(EXERCISE DESCRIPTION):
Copy word for word the lines from the start of the records through the line that contains "Knitted Fluffy All", both included.

[Brief descriptive captions]
------------------------------------------------------------------------

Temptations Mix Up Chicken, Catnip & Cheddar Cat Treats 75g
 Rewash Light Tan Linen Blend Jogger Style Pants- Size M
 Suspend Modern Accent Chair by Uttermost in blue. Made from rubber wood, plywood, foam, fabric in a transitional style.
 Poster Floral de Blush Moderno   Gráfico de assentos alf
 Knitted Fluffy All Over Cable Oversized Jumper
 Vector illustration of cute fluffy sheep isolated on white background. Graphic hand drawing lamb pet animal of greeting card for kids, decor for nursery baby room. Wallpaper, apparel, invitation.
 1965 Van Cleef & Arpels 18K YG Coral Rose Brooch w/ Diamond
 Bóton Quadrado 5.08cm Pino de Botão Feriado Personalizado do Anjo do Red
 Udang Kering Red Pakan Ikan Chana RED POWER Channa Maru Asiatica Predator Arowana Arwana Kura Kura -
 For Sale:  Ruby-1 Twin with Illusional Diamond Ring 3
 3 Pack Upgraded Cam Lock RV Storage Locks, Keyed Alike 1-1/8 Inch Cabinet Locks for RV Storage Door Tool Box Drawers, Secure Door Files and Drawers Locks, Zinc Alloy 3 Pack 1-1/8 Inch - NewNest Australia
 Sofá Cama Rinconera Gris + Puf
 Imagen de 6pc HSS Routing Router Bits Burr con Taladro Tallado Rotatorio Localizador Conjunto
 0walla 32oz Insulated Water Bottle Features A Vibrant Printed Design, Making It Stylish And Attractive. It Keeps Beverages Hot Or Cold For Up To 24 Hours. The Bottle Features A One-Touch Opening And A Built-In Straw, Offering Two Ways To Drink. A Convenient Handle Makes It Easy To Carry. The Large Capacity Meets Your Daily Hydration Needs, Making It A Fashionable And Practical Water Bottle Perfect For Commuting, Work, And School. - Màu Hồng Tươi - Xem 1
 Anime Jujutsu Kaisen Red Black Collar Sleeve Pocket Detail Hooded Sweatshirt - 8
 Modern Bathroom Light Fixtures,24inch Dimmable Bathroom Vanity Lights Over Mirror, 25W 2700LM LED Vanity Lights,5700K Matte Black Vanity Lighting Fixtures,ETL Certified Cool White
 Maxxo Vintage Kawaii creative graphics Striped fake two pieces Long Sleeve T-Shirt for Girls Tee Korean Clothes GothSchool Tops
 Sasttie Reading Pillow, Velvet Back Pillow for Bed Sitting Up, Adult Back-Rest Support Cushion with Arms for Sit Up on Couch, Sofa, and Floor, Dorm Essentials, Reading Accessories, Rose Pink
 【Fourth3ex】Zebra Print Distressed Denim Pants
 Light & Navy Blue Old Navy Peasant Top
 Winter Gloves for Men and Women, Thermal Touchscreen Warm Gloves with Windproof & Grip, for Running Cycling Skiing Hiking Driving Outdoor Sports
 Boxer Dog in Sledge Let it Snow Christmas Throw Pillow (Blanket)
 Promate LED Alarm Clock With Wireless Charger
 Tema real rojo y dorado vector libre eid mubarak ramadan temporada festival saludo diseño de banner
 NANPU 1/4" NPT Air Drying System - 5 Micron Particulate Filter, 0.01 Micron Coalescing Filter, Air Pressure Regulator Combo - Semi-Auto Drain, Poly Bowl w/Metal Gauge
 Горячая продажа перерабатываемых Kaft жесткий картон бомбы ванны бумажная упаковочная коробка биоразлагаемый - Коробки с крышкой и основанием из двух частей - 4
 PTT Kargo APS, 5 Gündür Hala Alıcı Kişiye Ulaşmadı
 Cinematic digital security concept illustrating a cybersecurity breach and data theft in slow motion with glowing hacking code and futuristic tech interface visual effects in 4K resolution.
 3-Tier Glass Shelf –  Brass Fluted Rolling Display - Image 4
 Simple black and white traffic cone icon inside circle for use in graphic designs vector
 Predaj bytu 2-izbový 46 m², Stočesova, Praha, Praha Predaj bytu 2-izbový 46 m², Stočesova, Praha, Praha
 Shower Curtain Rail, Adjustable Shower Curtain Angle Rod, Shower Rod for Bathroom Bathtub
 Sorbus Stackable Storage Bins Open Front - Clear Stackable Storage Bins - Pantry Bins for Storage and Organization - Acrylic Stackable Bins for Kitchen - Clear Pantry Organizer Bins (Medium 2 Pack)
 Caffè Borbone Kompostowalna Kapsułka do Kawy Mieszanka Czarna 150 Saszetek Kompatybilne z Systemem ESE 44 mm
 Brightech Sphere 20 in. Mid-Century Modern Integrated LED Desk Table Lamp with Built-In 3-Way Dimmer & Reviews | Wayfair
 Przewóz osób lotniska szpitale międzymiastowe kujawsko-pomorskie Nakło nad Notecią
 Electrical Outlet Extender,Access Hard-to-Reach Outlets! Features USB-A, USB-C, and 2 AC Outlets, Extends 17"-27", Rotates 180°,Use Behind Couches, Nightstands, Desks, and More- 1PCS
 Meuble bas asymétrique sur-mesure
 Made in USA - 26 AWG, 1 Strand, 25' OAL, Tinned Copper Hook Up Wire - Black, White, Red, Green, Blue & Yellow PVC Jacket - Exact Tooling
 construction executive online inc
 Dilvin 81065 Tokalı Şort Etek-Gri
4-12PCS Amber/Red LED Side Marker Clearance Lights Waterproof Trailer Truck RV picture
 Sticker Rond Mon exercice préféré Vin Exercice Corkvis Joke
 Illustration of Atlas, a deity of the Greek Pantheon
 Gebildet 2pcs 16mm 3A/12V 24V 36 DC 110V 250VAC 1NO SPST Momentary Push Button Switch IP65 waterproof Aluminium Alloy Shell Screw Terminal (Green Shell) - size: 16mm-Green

------------------------------------------------------------------------

(RESPONSE BELOW):
Temptations Mix Up Chicken, Catnip & Cheddar Cat Treats 75g
 Rewash Light Tan Linen Blend Jogger Style Pants- Size M
 Suspend Modern Accent Chair by Uttermost in blue. Made from rubber wood, plywood, foam, fabric in a transitional style.
 Poster Floral de Blush Moderno   Gráfico de assentos alf
 Knitted Fluffy All Over Cable Oversized Jumper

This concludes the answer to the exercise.